I have a dataframe like bellow, where ID
is numeric value, and comment1
and comment2
string that I am importing as a csv. But the data frame is giving result something like this bellow, where fifth comment
should be in the comment2
and the original ID
value is replaced by this. This is happening randomly for only few rows. Moreover, this problem is only occurring when I am importing my R code in Azure ML studio, in RStudio no data misplace is occurring. So what I was thinking, just delete the entire row where the first column ID
is not a numeric value. As the misplace string value is random long sentence, I can not do string matching to delete the row. And the dataframe is big enough that I just cannot delete the rows manually.
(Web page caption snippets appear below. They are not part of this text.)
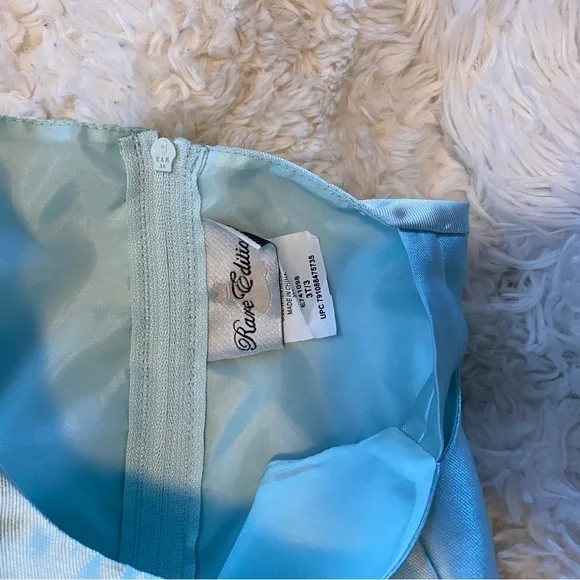 Beautiful formal pageant dress - Picture 3 of 3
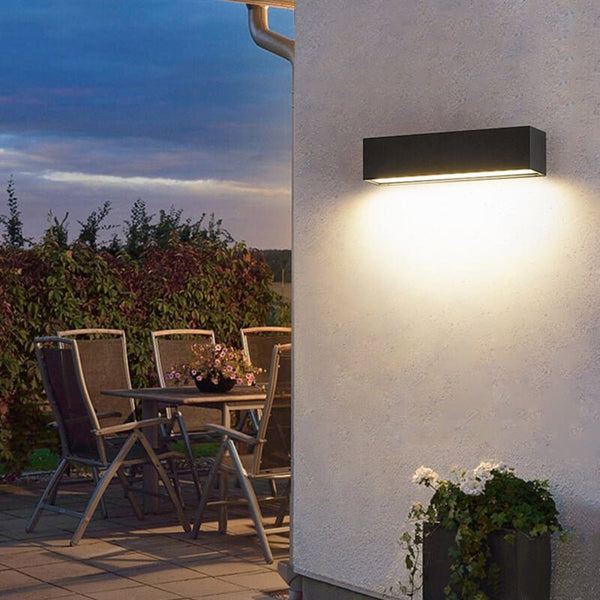 LinearBojta | Wasserdichte LED Außenwandbeleuchtung - LICHTZOONE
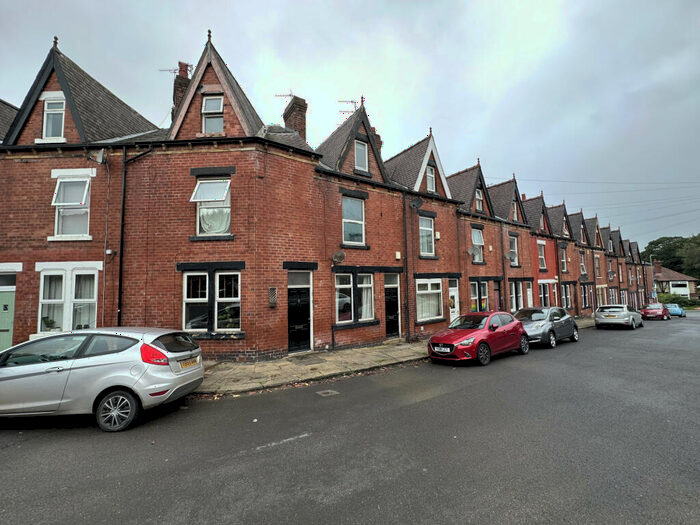 4 Bedroom Terraced House To Rent In Gordon Terrace, Leeds, LS6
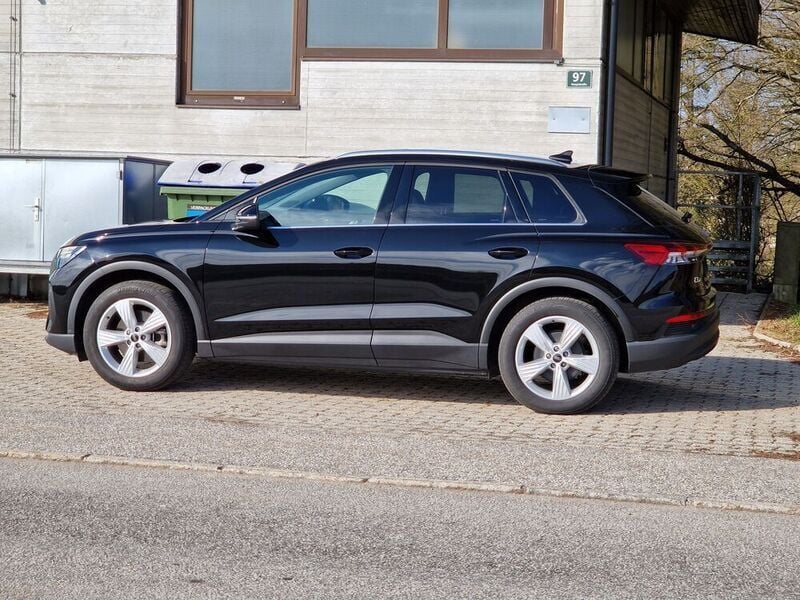 Gebraucht Audi Q4 e-tron Basis 69 kW (95 PS) 2022 SUV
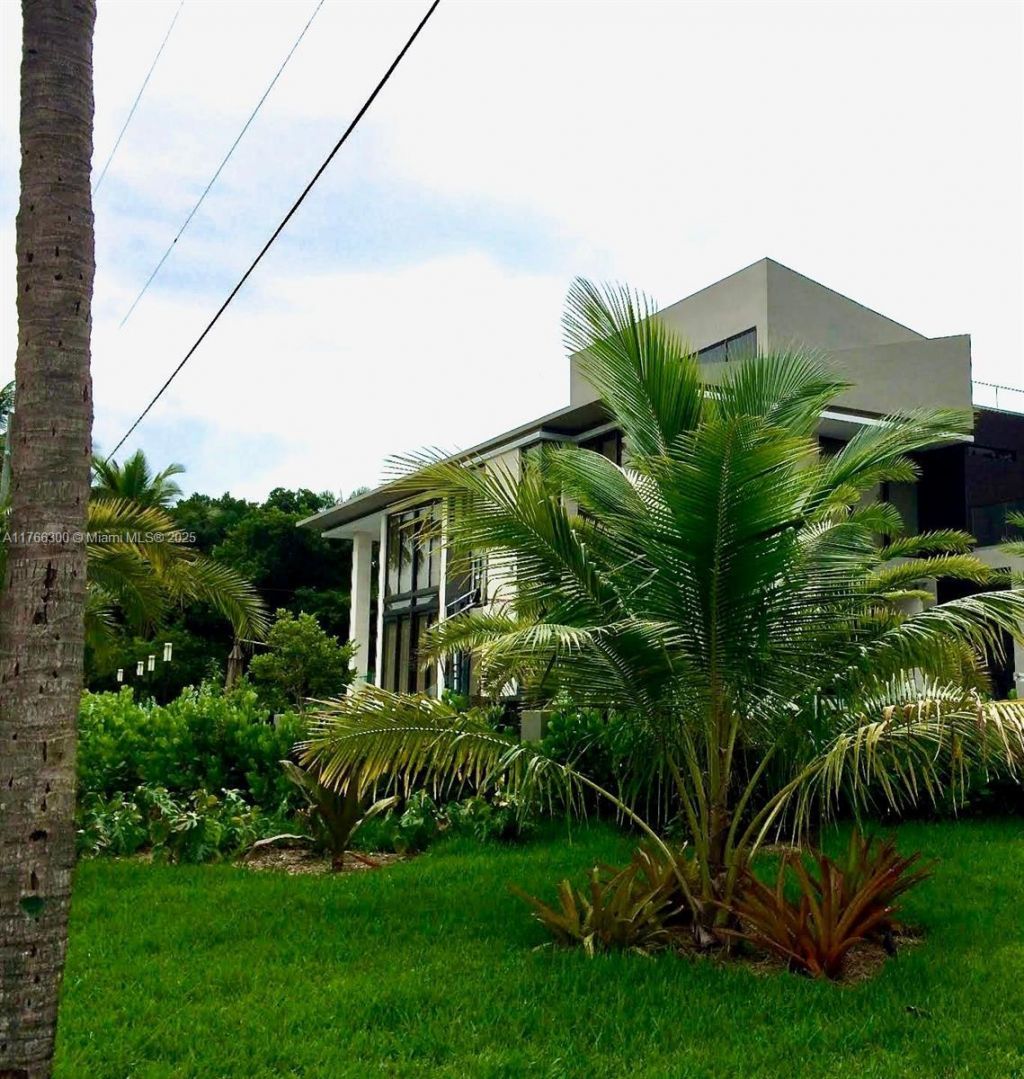 610 Harbor Cir, Key Biscayne, FL 33149 Photo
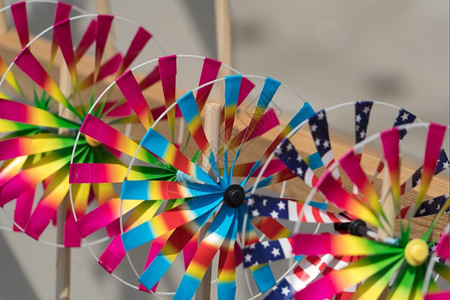 孩子转弯运动关闭彩虹针轮玩具多彩的涡轮机玩具图片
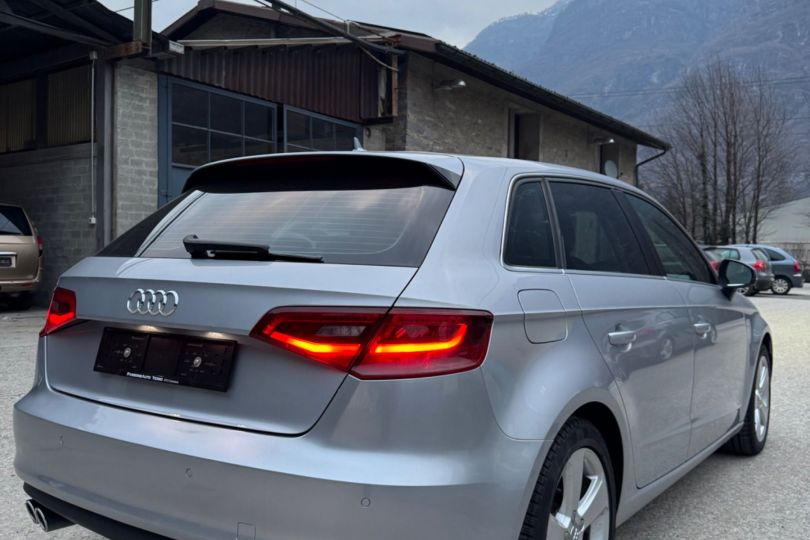 AUDI A3 SPORTBACK 2.0TDI 184cv, Iragna, Switzerland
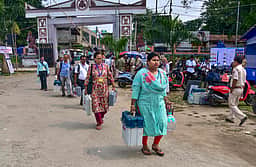 மே.வங்கம், அஸ்ஸாமில் 3 தொகுதிகளுக்கு இன்று இடைத் தோ்தல்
Suggestion please.
ID Comment1 comment2
123 This is first comment this is second
234 third comment fourth comment
fifth comment
345 sixth comment seventh comment
You will find a sample of the dataframe here,
df <-
read.csv(
"https://docs.google.com/spreadsheets/d/171YXjzm3FsapXSkqgOSos6UGXNRcd1yxmLyvaRnCX5E/pub?output=csv"
)
df <- df[-1,]
df <- df[, 1:12]
colnames(df) <-
c(
"ID","Created","Comments","Liked_By","Disliked_By", "Recipient_Number",
"Sender","Recipients","Read_By", "Subject","Introduction","Body"
)
Subset to numeric IDs:
subset(df, grepl('^\\d+$', df$ID))
The pattern should match values of ID that start and end with digits, and only contain digits.